Terra Firma, which made a high-profile, ill-fated investment in music group EMI, has been preparing the ground for a new fund and in a recent letter to investors, said its next buyout fund would likely be 2 billion to 3 billion euros ($2.9 billion to $4.4 billion). That would be significantly smaller than the 5.4 billion euros the firm raised in 2007.
Still, about 50 percent of its existing investors are expected to reinvest in the new fund, a source familiar with the firm’s plans previously said.
Stephen Feinberg, the usually reclusive co-founder of Cerberus Capital Management LP, said at the same conference that some private equity firms were increasing their fund size too much — potentially hitting the returns for their investors. Feinberg is aiming to raise a smaller fund in the future.
“I do think there’s an issue here in funds that are too large and funds that have acquired too many assets under management …” Feinberg said. “If your goal is to maximize your returns as opposed to assets under management, I think you can be most effective with a big company infrastructure and a little bit smaller fund size.”
Still, interest in private equity appears to be rising when looking at turnout figures for the Super Return conference in Boston. Attendance was up about 43 percent from the previous year, with about 570 attendees, according to organizers.
For those coming back to the market to raise a second, third or fourth fund, investors caution them to not sound too desperate.
“Don’t push things too hard,” said Twin Bridge’s Gallagher. “Some groups will call you once a week … will email relentlessly. I’ve had some email chains I’ve had to stop where it gets into a debate back and forth.”
Gallagher urged funds not to ‘create false scarcity’ by pretending to have a lot of interest in their fund, when in reality none exists.
“Don’t try to say that so-and-so is in,” Gallagher said. “We network and we have reasonable connections to most international investors and we can back-channel almost anything. So don’t kid yourself.”
Jim Watson, managing general partner at CMEA Capital, a San Francisco-based venture capital firm, is hoping for a radical change where funds will not even charge management fees — a staple of the private equity industry.
Funds would then be completely aligned with investors, he said, with only profit as the incentive.

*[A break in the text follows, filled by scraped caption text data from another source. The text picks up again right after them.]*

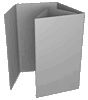 Selfmailer, gefalzt auf DIN lang (21,0 x 10,0 cm), 12-seiter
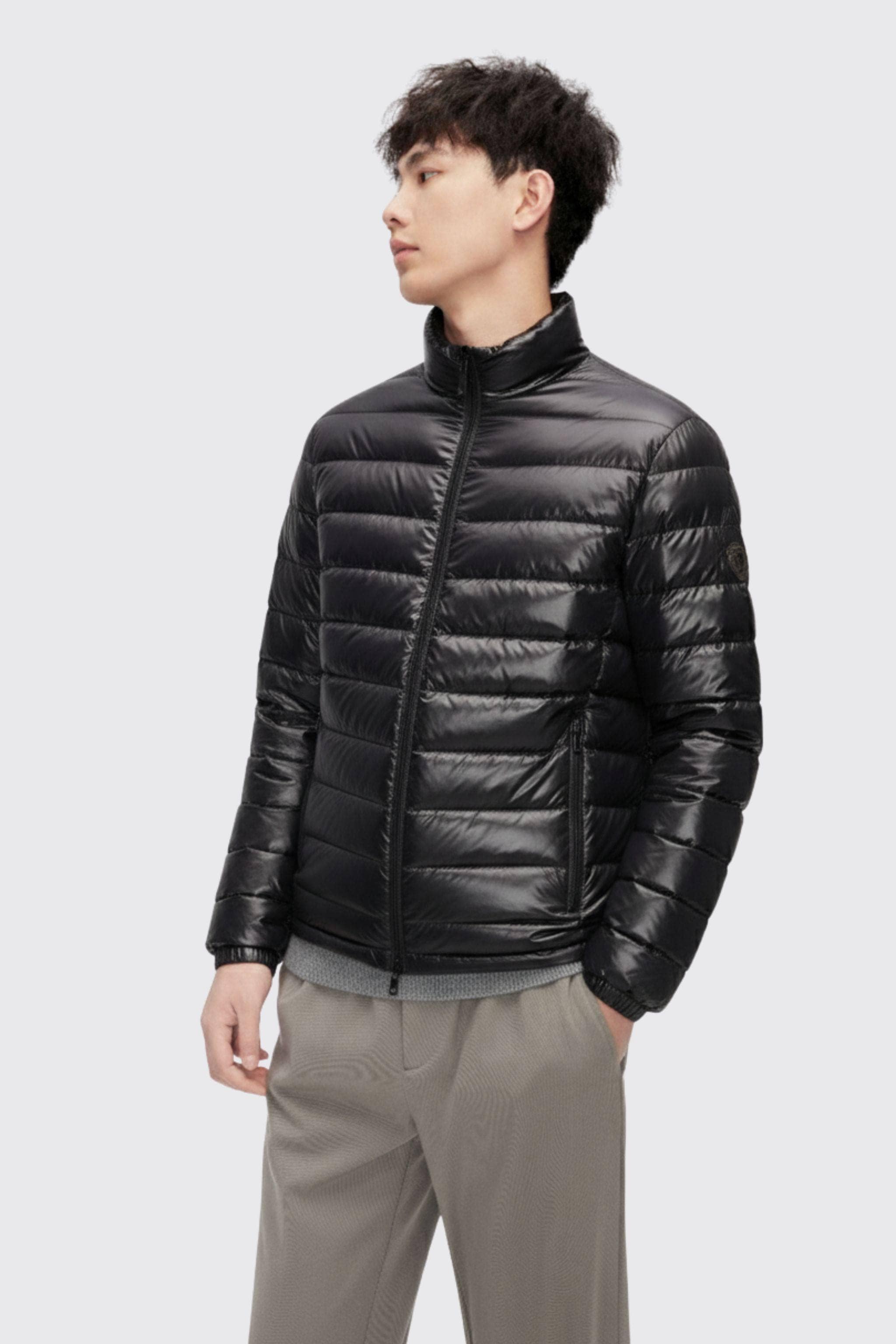 BOSIDENG 2023 Mens Packable Ultralight Down Jacket Jacket Black / S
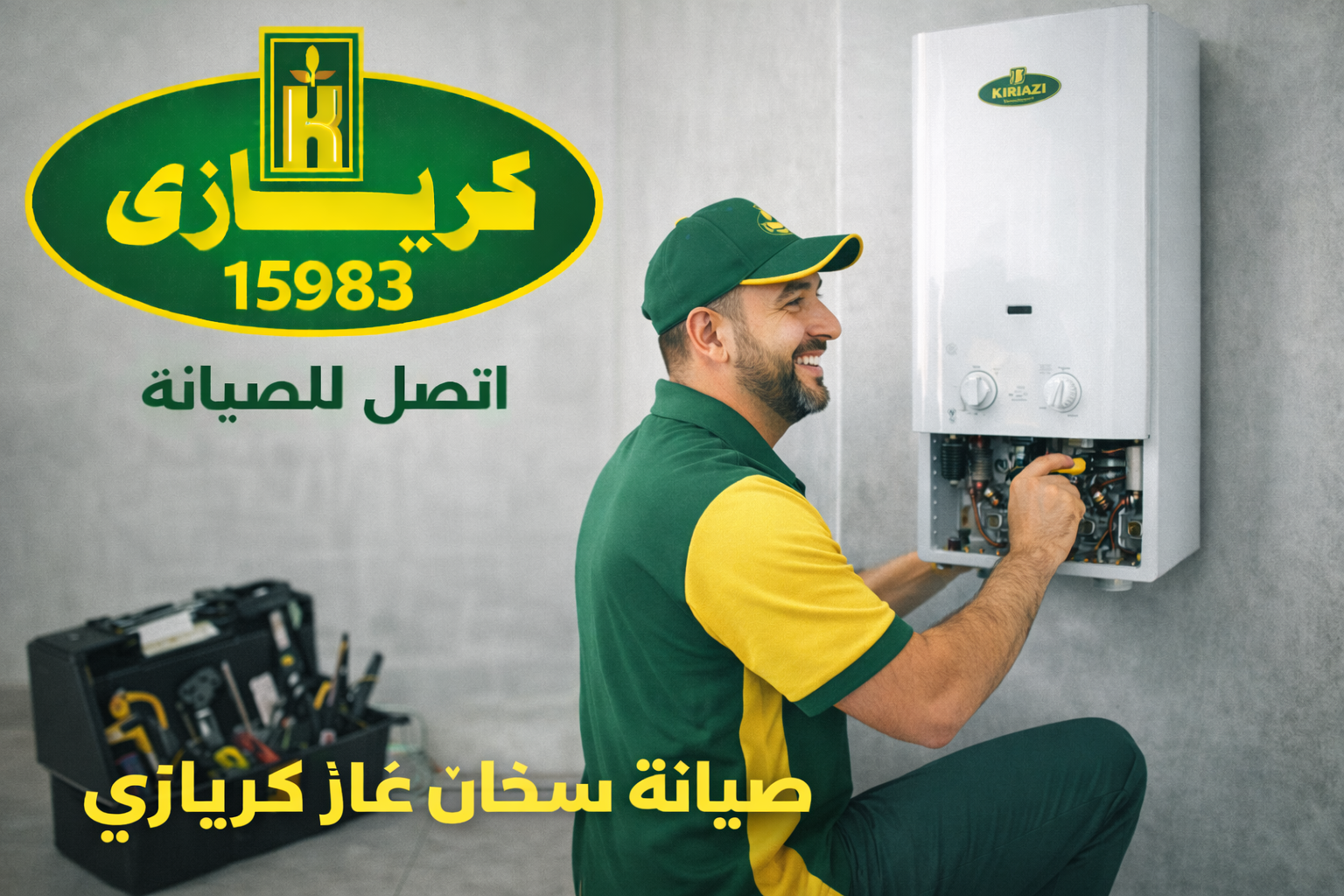 صيانة سخان غاز كريازي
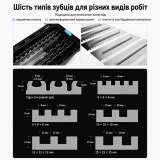 Набор шпателей VINON TOOLS, 9 предметов, нержавеющая сталь 480х130 мм, кейс (VINBF480)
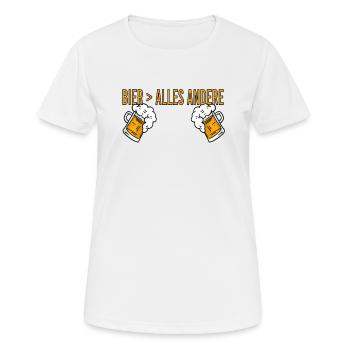 Vatertag Himmelfahrt Bier Nachbar Nachbarn Saufen - Frauen T-Shirt atmungsaktiv - Weiß - Vorne - AI Model Female 172 dark (172cm)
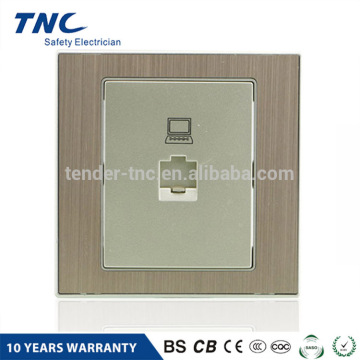 A9-C15 Brushed Aluminum rj45 Internet Wall Socket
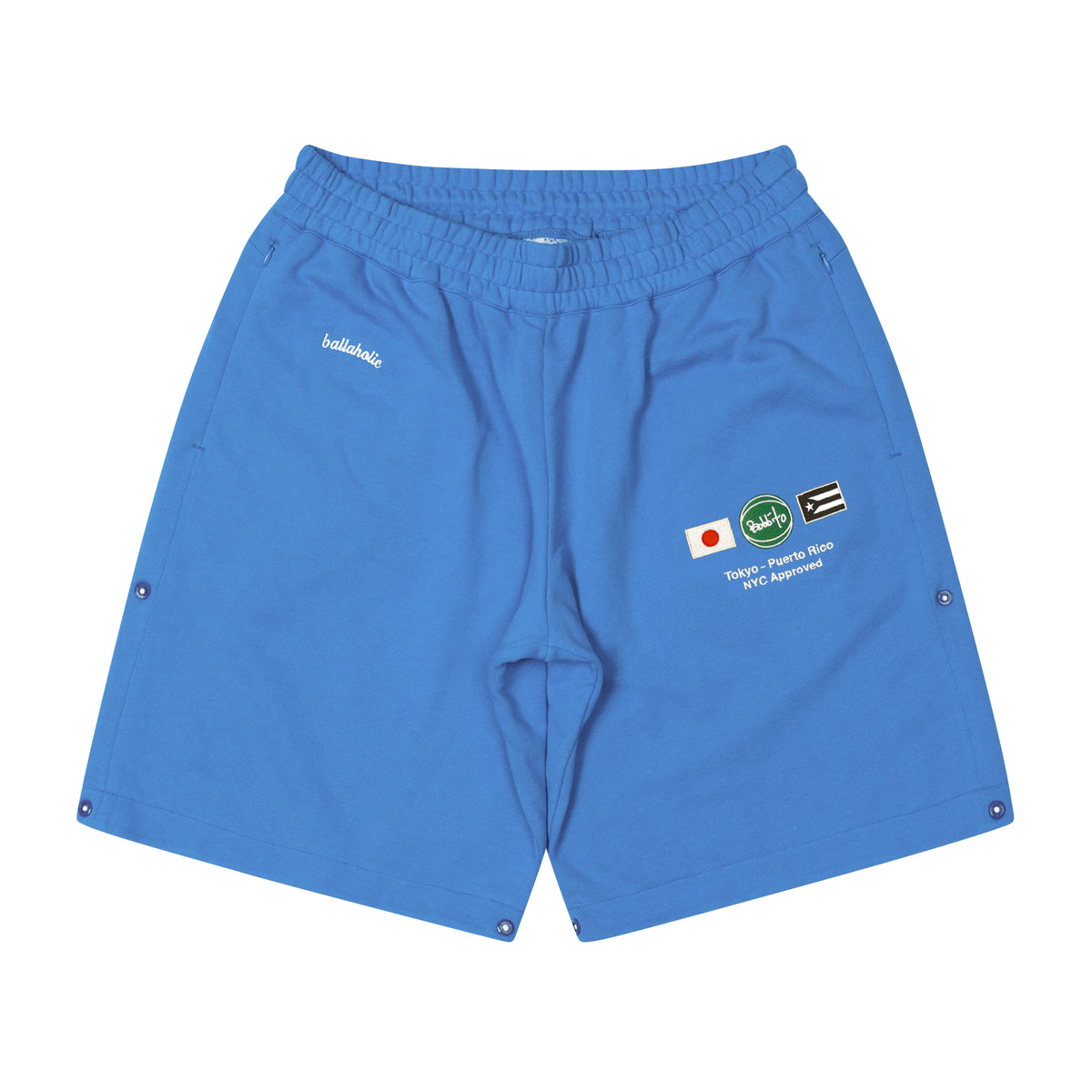 Bobbito x ballaholic 1990/2023 Hybrid Sweat Shorts (blue/white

“Once you make it to the major leagues and have multiple funds and big management fees you stop working and performance goes down,” Watson told Reuters on the sidelines of the conference.
Watson also urged funds to keep close to their investors.
“It’s amazing to me how many private equity fund managers don’t worry about their investor base,” Watson said. “If that gets a cold you get pneumonia and it’s got a cold right now. The customer is sick and it’s going to be ugly. Wake up.”